The Universal Secret to Dealing With Debt
Posted April 3, 2013
"The Secret of Change is to Focus All of Your Energy, Not on Fighting the Old, But on Building the New." - Socrates
For years I've asked people in debt this simple question, "Do you have a greater responsibility to fix the past or fix your future?" It appears Socrates beat me to the punch and asked the same question of people millennia ago.
It seems this question of logical responsibility is one we've been asking since nearly forever, yet people in debt still get it wrong every single day.
The focus on repairing the past mistakes only leaves us not looking where we are going and leaving the future susceptible to the same mistakes of the past.
If we want to change the outcome we must change the equation.
Focusing on the past is like worrying that your house had paint problems after a tornado blew it down. It is misdirected energy.
And because the focus is wrong, the outcome is going to be wrong.
A blind focus on repairing the past financial mistakes only leaves us exposed to a future financial catastrophe. If we don't consider the cost of our actions to repair the past, we break our financial future.
Want to see a real example, read What Repaying Your Debt Will Cost You in Retirement.
The process of making a decision that feels not assumed when getting out of debt is just "change." Change is hard and tough.
We change the path we are on or presume or assume to be on. We alter how we are naturally predisposed to address our debt and the only way we do that is through change. We have to intentionally change our path.
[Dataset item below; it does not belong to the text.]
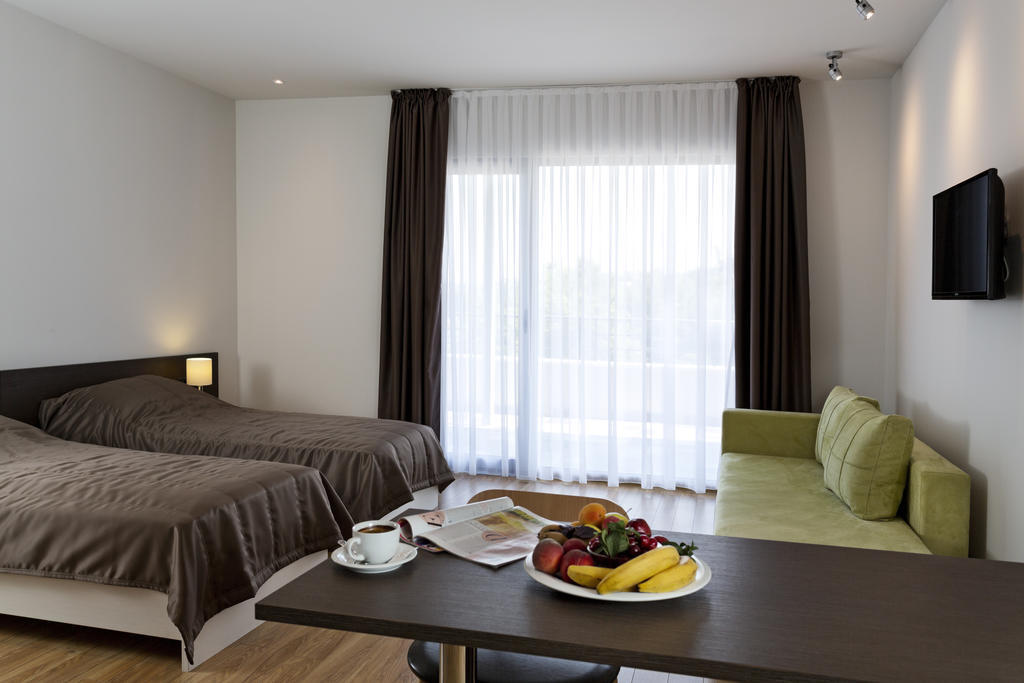 Romantique Dojran Hotel エクステリア 写真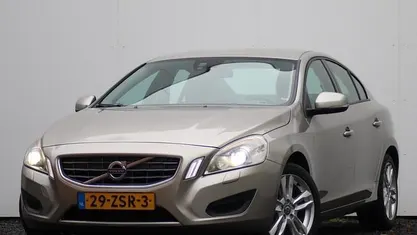 Occasion Volvo S60 Kinetic 150 PK (110 kW) 2013 Grijs Sedan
Changing our assumptions takes guts.
The attraction of comfort will drag us back to our assumed solution but change can be good and in my life good things come from change.
Change Your Mindset
This is not to say that you might not decide to fix past financial mistakes but that you should do it with awareness and your eyes wide open to what that really means for you.
You might decide that fixing your past mistakes has a greater life value than not. And that's fine if that is what you decide.
You might just decide that spending the next five years barely making it from month to month in order to repay your past financial mistakes has a greater value that not doing that. If filing bankruptcy to move forward creates the opportunity for millions of dollars more in retirement income, then for you it is worth that sacrifice to repair the past.
If you make that decision, your willing cost to limp by for the next five years without a financial safety net is worth millions of dollars And you are willing to pay that price with your future.
If that is what you decide to do consciously and with awareness of what the cost is, then I'll stand beside you and cheer you on.
But if you make a decision on how to deal with your debt out of blind assumption and emotion without any consideration of what is best for you and the implications, well then, I'm just going to have to give you a swift kick, aren't I?
Be smart, embrace change, make good choices, seek wise counsel, contemplate your decisions, and be good.